Ältere „Jahrgänge“ unter den Musiktherapie-Kolleg:innen werden die diesbezüglichen Hürden und Klippen, die Durchbrüche und frei gewordenen Wege in den jeweiligen Werken wohl wiedererkennen und sich hie und da vielleicht gern oder auch nicht so gern erinnern. Jüngeren Kolleg:innen oder gar „Frischlingen“ und Außenstehenden rate ich, das Buch rückwärts zu lesen, also hinten zu beginnen. Sie werden dann eher erkennen, ggf. auch staunen, welchen an Stolpersteinen reichen Weg die Musiktherapie über (Grundlagen-)Forschung, Theoriebildung, Grenzziehungen, Integration angrenzender Ansätze aus Psychotherapie, Medizin, Pädagogik, Sozial- und Sonderpädagogik etc. etc. gehen musste, um zu diesem heute so eindrucksvoll reichen und fachdisziplinär gut versorgten Feld musiktherapeutischer Anwendungen zu kommen, wie sie sich in diesem Buch präsentieren.
Die Zeitachse als Ordnungsprinzip
Herausgeberteam und Rezensent:innen möchten das Lesevergnügen als eine Reise, gegebenenfalls als Entdeckungsreise, bisweilen auch als einen Spaziergang (noch lockerer) verstehen. Ein Kompass – Anzeiger von Himmelrichtungen – soll dabei unterstützend sein. Was sich an Lesenswertem und an (Originalton) „Horizonterweiterungen“ unter den jeweiligen Himmelsrichtungen befindet, welche fachlichen Positionen im Norden, Süden, Westen oder Osten liegen und warum jeweils dort, aus der Vergangenheit, der Gegenwart oder mit Blick auf die Zukunft, das bleibt der Einschätzung der Leserinnen und Leser überlassen. Die chronologische Ausrichtung ist Ordnungsprinzip, aber mehr will sie auch nicht sein. Richtungswechsel, Kursänderungen, Umwege sollen die Lust am Lesen befördern.

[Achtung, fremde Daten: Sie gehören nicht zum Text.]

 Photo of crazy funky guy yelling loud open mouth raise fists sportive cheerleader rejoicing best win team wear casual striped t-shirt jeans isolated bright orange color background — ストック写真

„Für die Musiktherapie ist ein solches Unterfangen unseres Wissens etwas ganz Neues und Einmaliges“,
heißt es in der Einleitung, die mit einem Zitat von Francis Bacon schließt:
„Books are ships which pass through the vast sea of time“ .
Thomas Stegemann, Sandra Lutz Hochreutener, Hans-Ulrich Schmidt, (Hg): Literaturkompass Musiktherapie. Eine Reise durch Praxis, Theorie und Forschung mit 101 Büchern. Mit einem Geleitwort von Hans-Helmut Decker-Voigt. Buchreihe: Therapie & Beratung, Psychosozial-Verlag, 268 Seiten.
ISBN-13: 978-3-8379-3156-3, Euro 29,90
Abbildung Umschlag und Coverbild von Juan Gris, ‘La guitare devant la mer’, 1925: mit freundlicher Genehmigung des Psychosozial-Verlags.